#### ABOUT THIS EXERCISE
Lines from the one containing "5.3 正確運(yùn)用復(fù)合判斷（下）（課件） 高中政治選擇性必修3" through the last line of the data are to be returned exactly, both ends included, minus any pictures.

Short text fragments from websites

+-------+

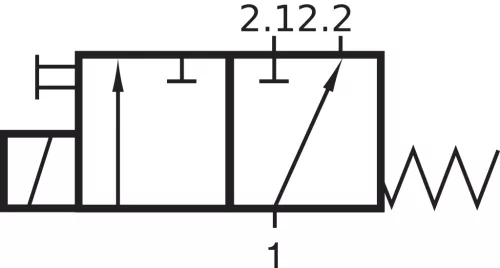 ETV-139-F30-6FF-024DC-R0. 3/2-es elektromos vezérlésű MAGMA szelep - pif 6mm - 24 DC - VITON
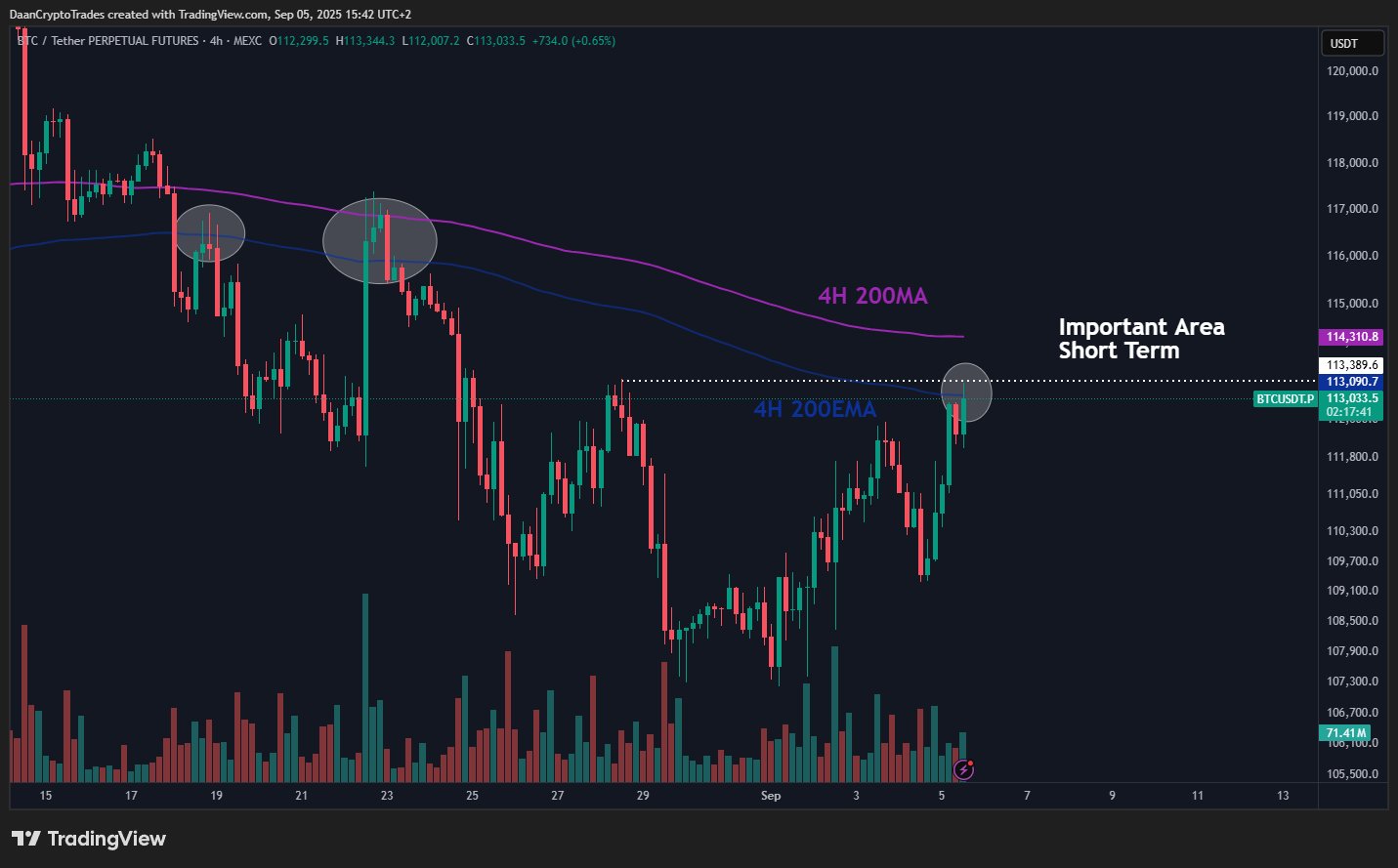 btc daan trades szep5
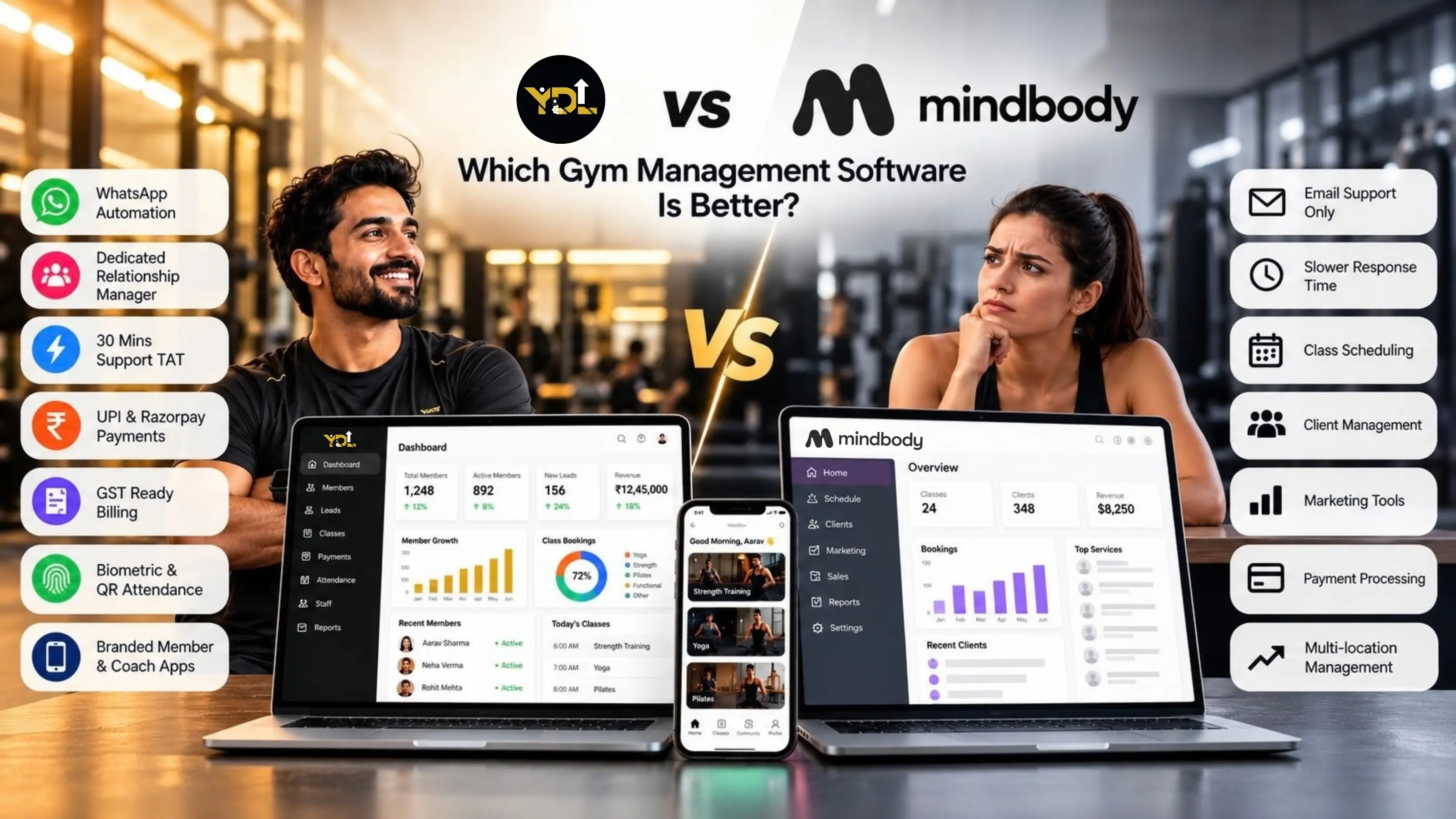 YDL vs Mindbody gym software comparison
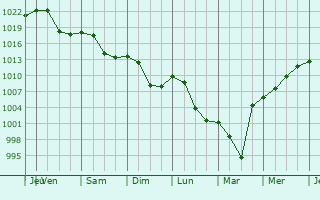 Graphe de la pression atmosphrique prvue pour Gottmadingen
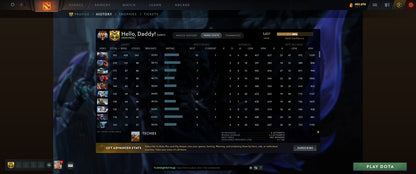 Immortal | MMR: 5837 - Behavior: 12000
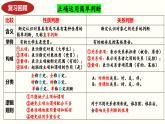 5.3 正確運(yùn)用復(fù)合判斷（下）（課件） 高中政治選擇性必修3 邏輯與思維 統(tǒng)編版
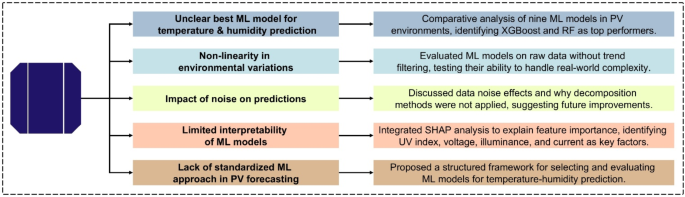 Comparative analysis of machine learning techniques for temperature and humidity prediction in photovoltaic environments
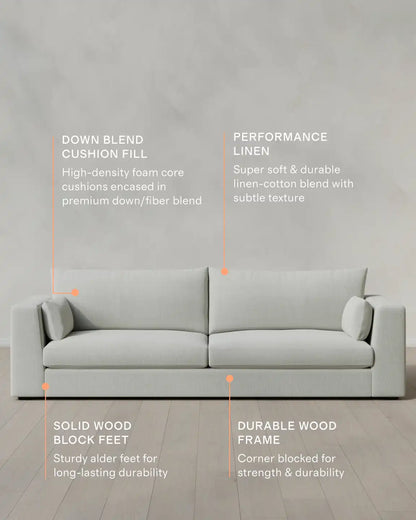 Oasis Sofa in Performance Linen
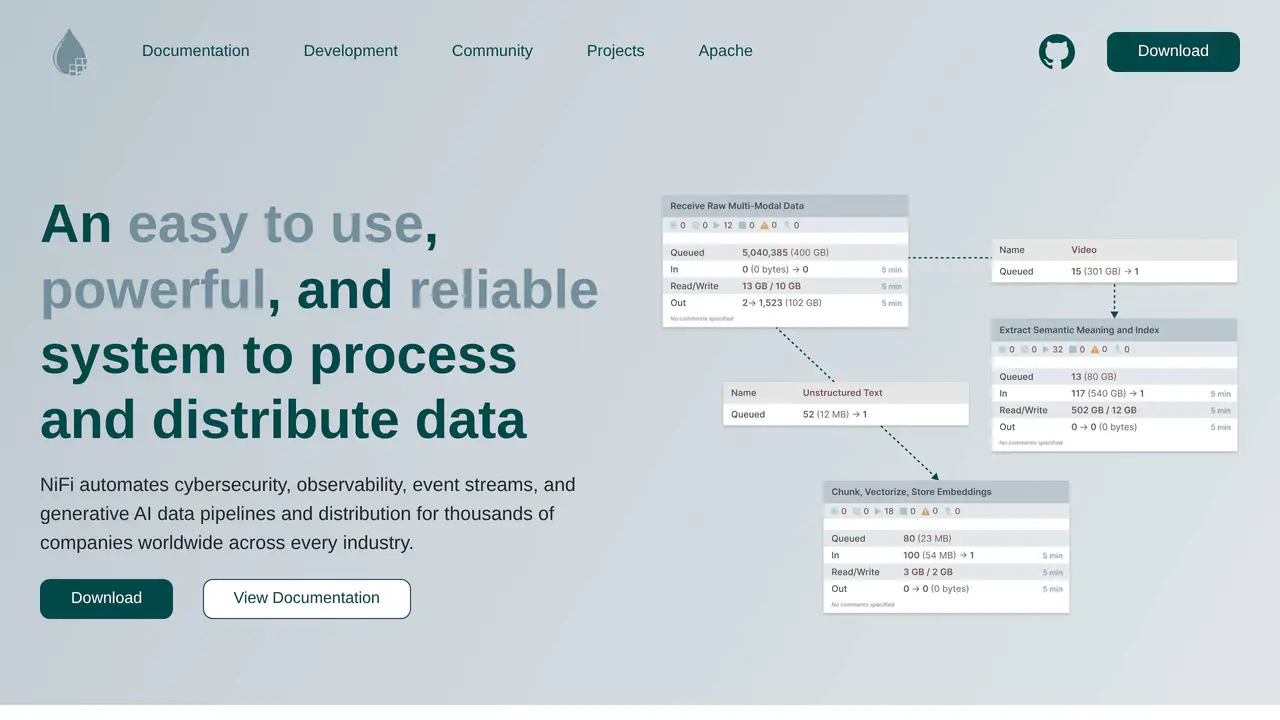 Homepage preview of Apache NiFi, captured Jul 23, 2026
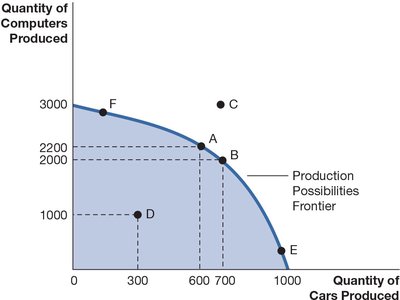 Production Possibilities Frontier showing combinations of computers and cars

+-------+

#### SOLUTION
 5.3 正確運(yùn)用復(fù)合判斷（下）（課件） 高中政治選擇性必修3 邏輯與思維 統(tǒng)編版
 Comparative analysis of machine learning techniques for temperature and humidity prediction in photovoltaic environments
 Oasis Sofa in Performance Linen
 Homepage preview of Apache NiFi, captured Jul 23, 2026
 Production Possibilities Frontier showing combinations of computers and cars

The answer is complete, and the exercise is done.